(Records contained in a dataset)

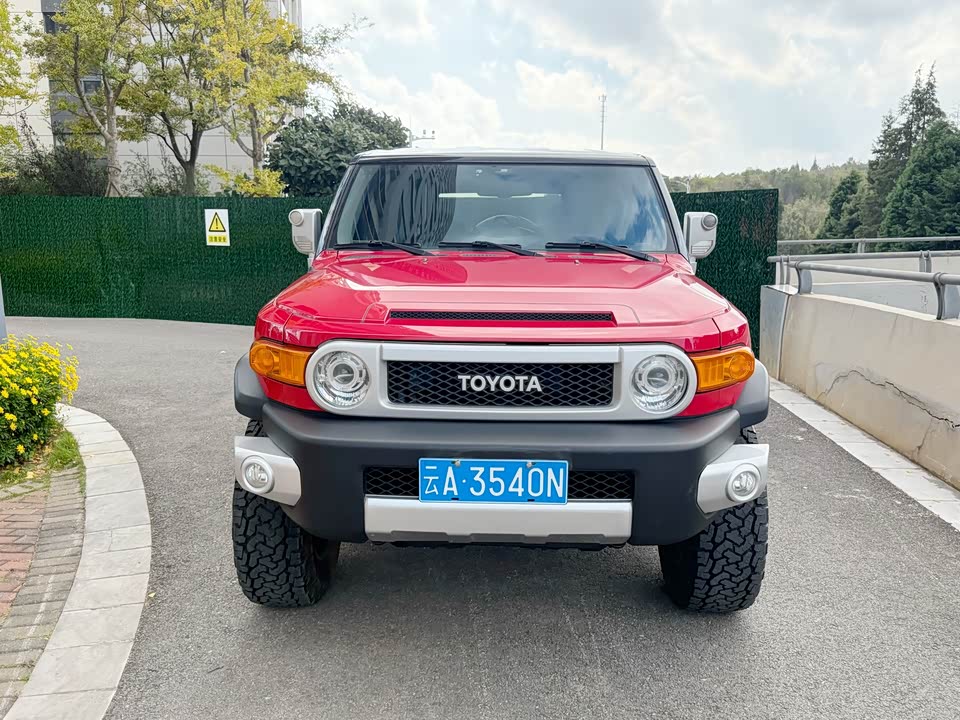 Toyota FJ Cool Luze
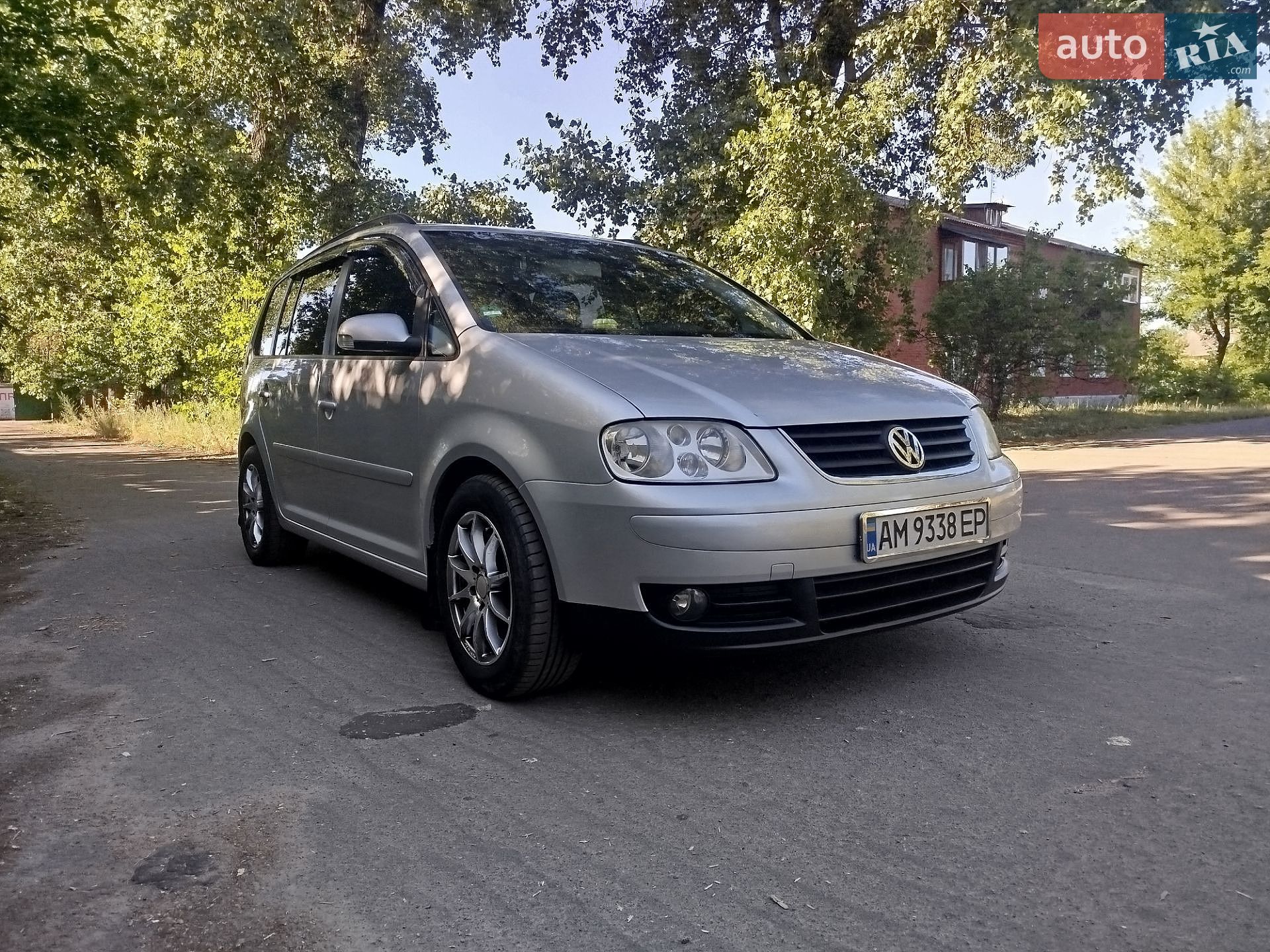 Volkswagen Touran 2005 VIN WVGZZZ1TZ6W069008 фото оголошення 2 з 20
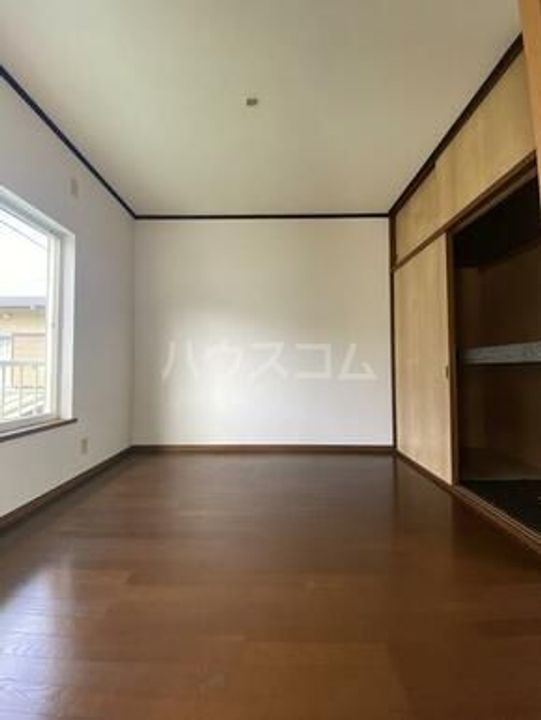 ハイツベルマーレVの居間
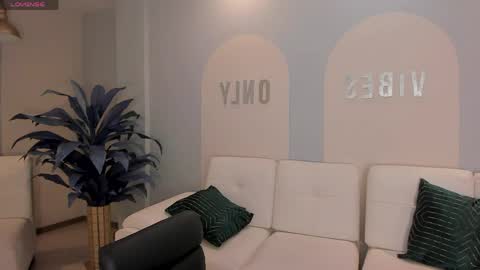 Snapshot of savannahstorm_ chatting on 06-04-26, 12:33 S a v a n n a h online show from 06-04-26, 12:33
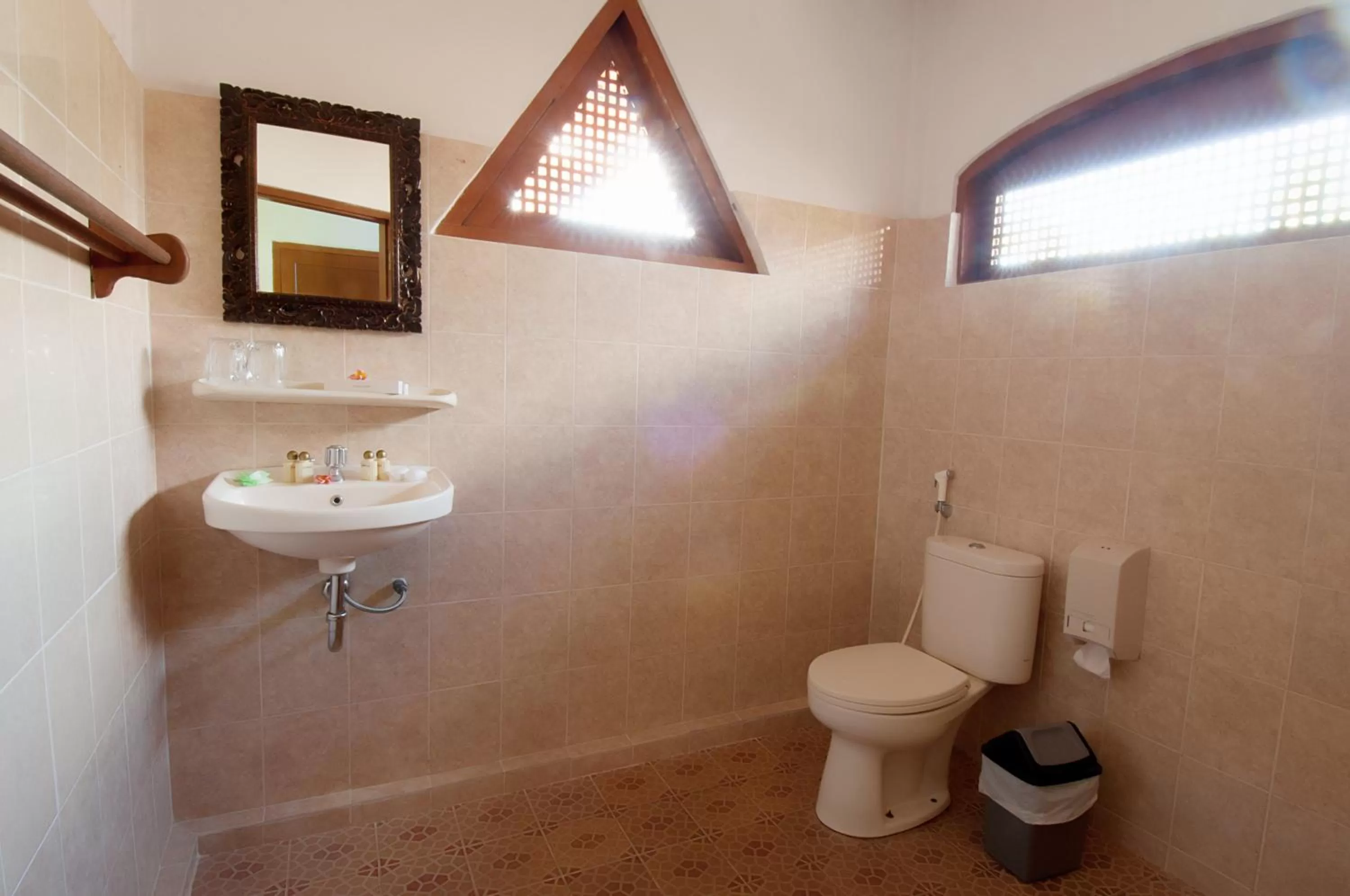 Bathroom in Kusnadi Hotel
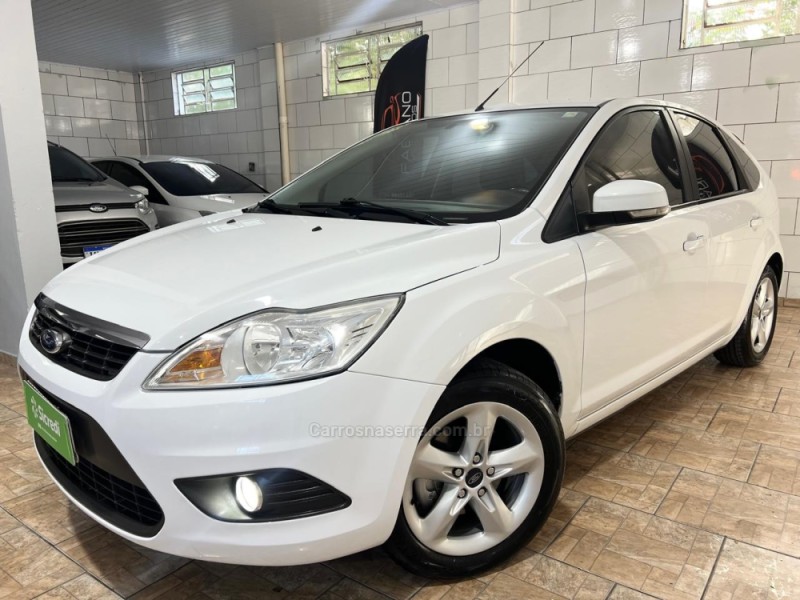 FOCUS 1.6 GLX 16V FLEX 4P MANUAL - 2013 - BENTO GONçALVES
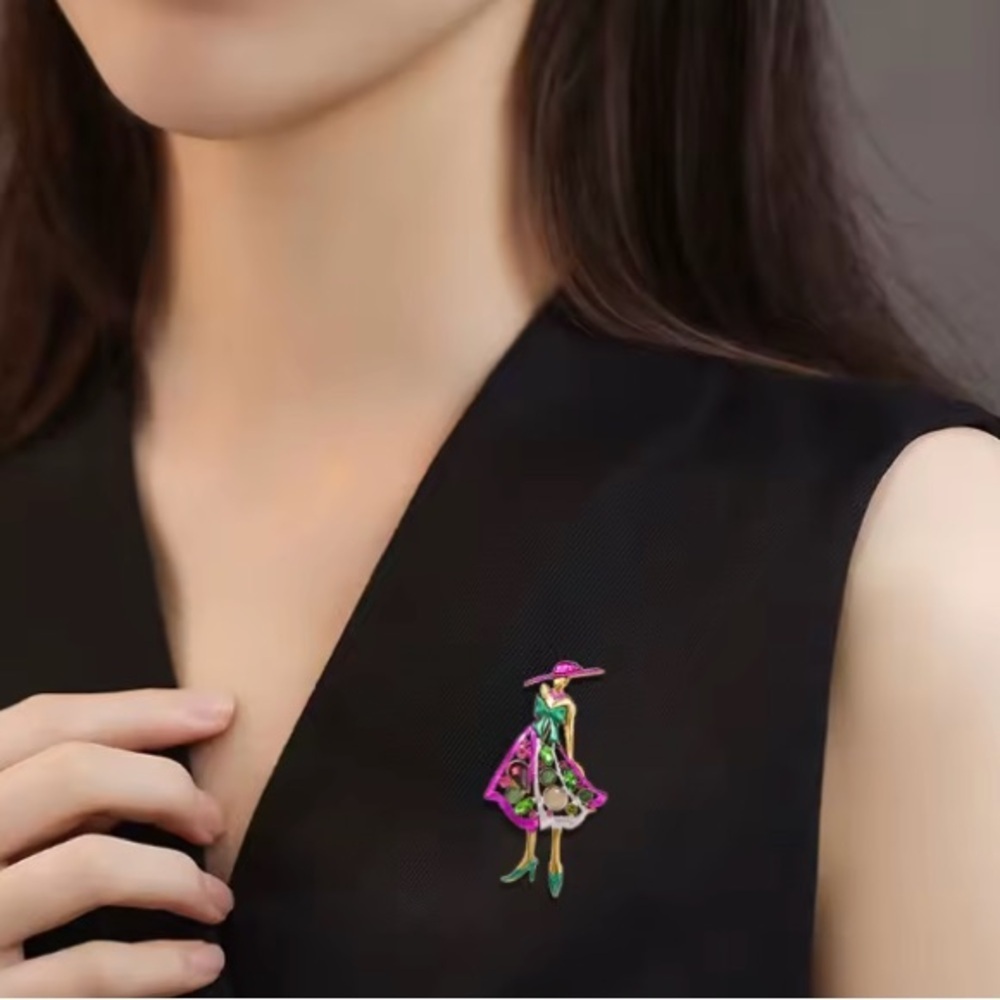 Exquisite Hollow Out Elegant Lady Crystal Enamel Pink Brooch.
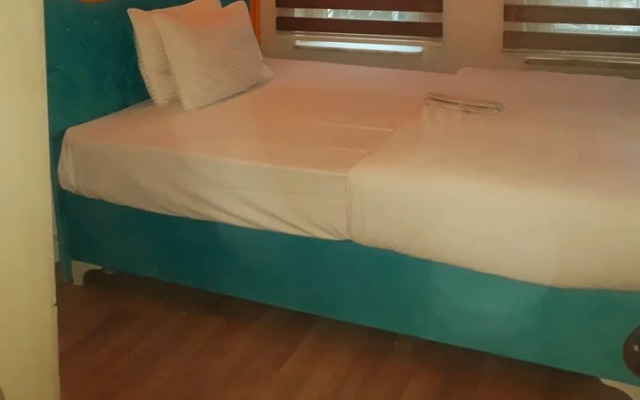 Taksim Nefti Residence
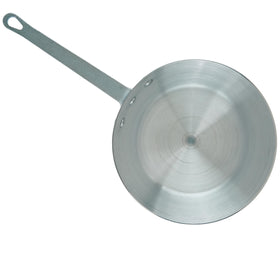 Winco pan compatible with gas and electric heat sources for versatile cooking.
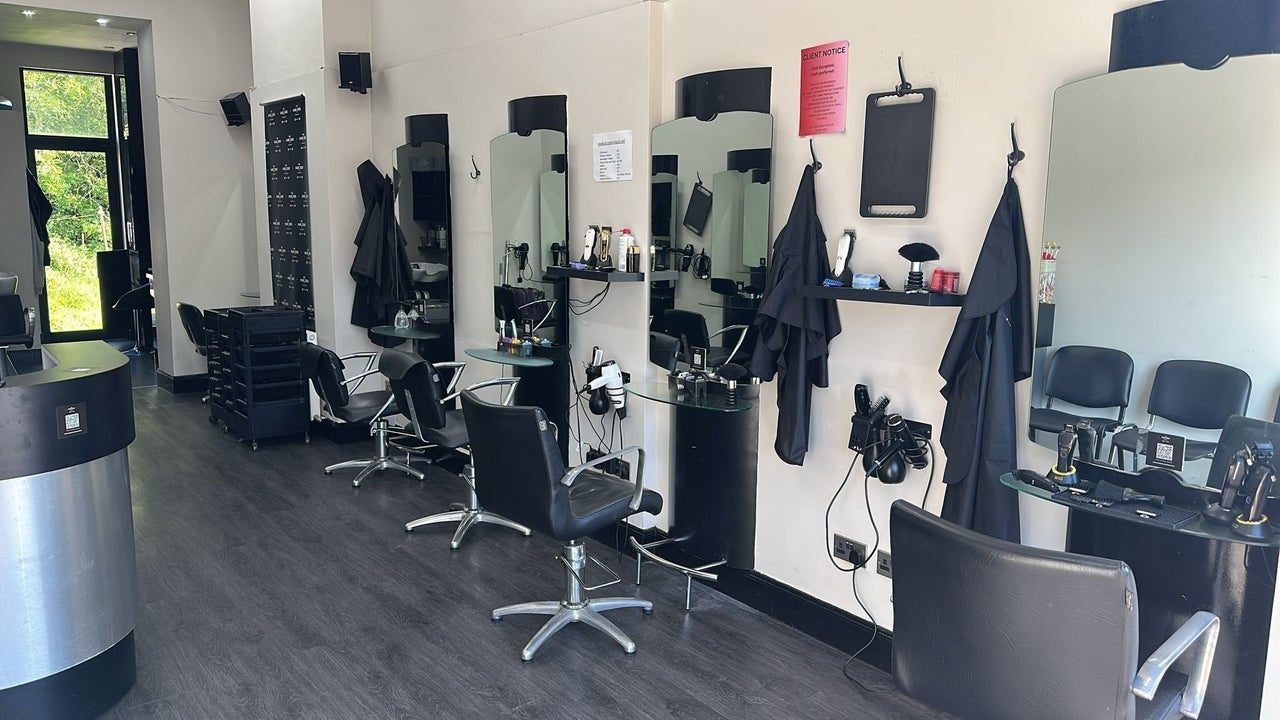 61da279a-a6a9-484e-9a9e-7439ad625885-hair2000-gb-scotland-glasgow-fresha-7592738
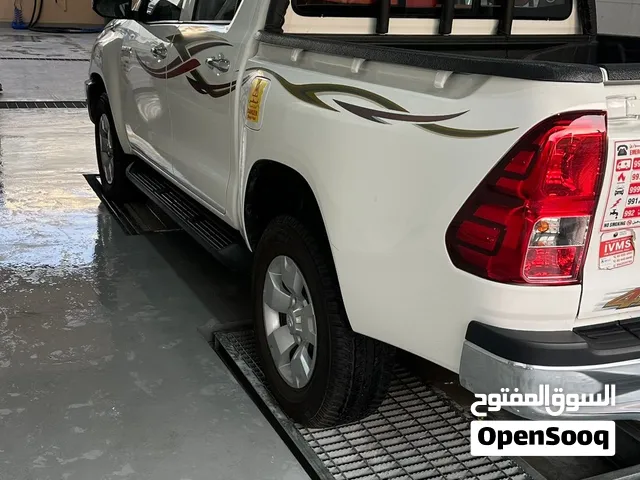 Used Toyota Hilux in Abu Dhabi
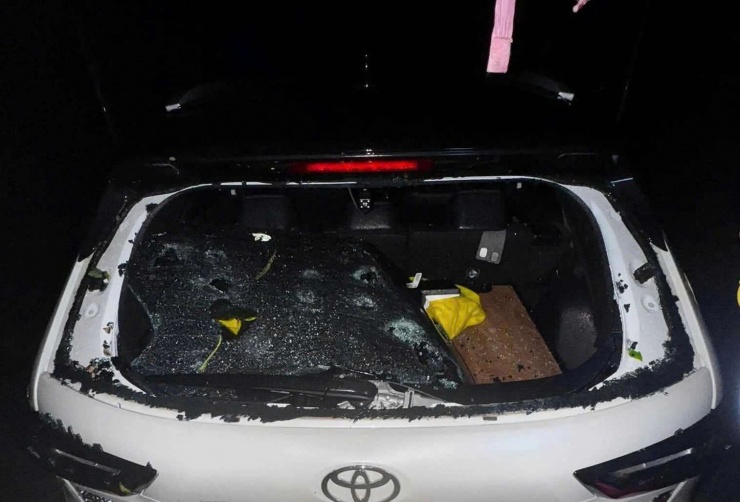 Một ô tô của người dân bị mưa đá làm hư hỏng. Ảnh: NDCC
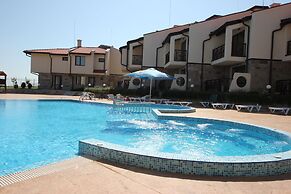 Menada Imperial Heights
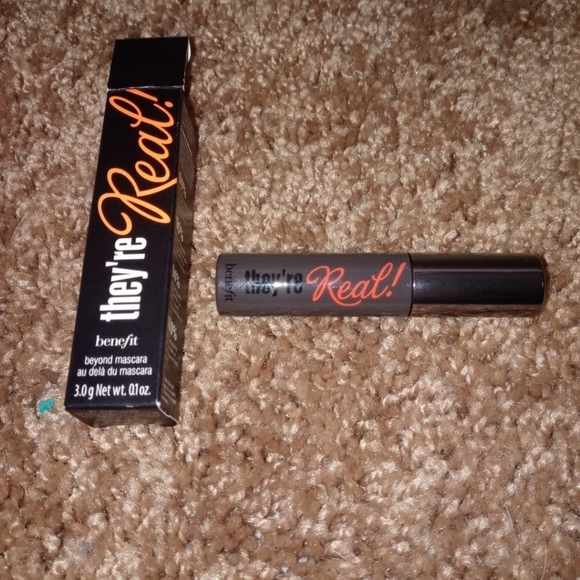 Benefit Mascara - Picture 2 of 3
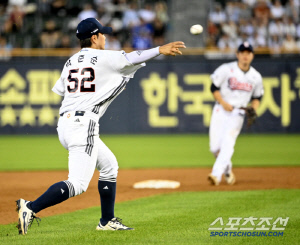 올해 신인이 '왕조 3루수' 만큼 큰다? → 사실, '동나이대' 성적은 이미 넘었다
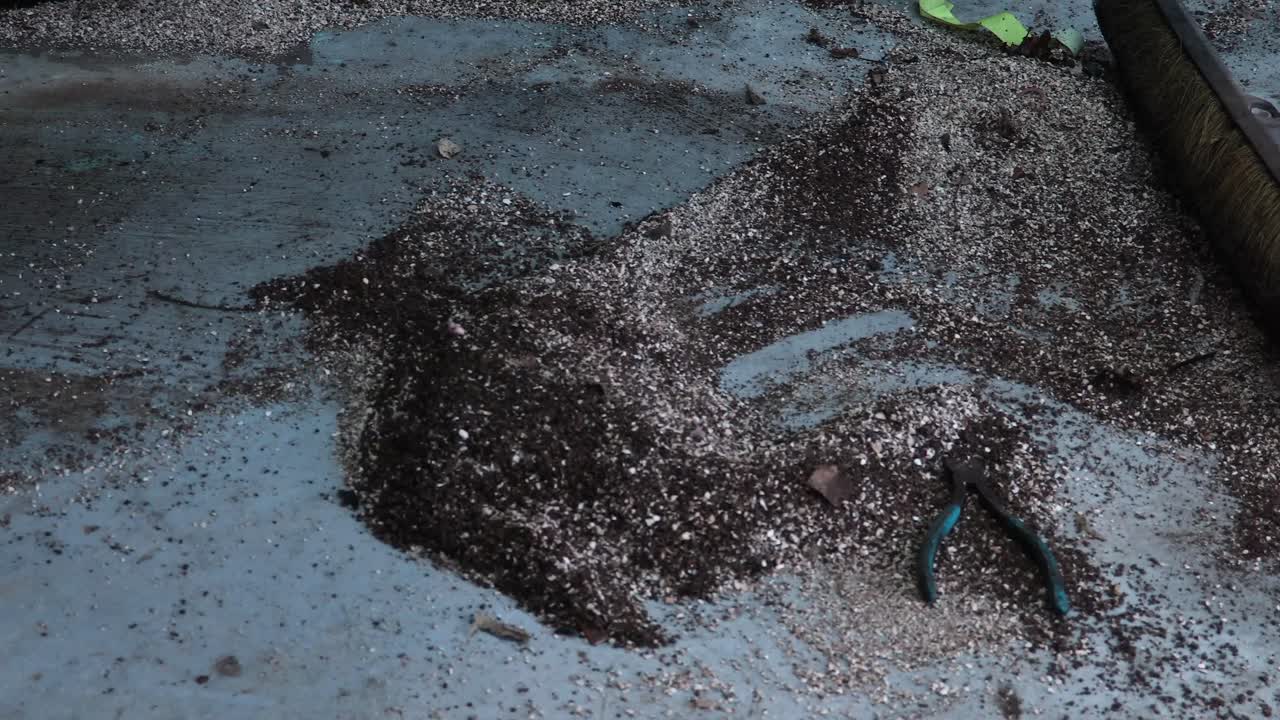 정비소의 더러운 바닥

### What to do
Starting with the line that contains "Benefit Mascara - Picture 2 of 3" and ending with the last line of the data above, transcribe exactly those lines and no others, without pictures.

### Task result
 Benefit Mascara - Picture 2 of 3
 올해 신인이 '왕조 3루수' 만큼 큰다? → 사실, '동나이대' 성적은 이미 넘었다
 정비소의 더러운 바닥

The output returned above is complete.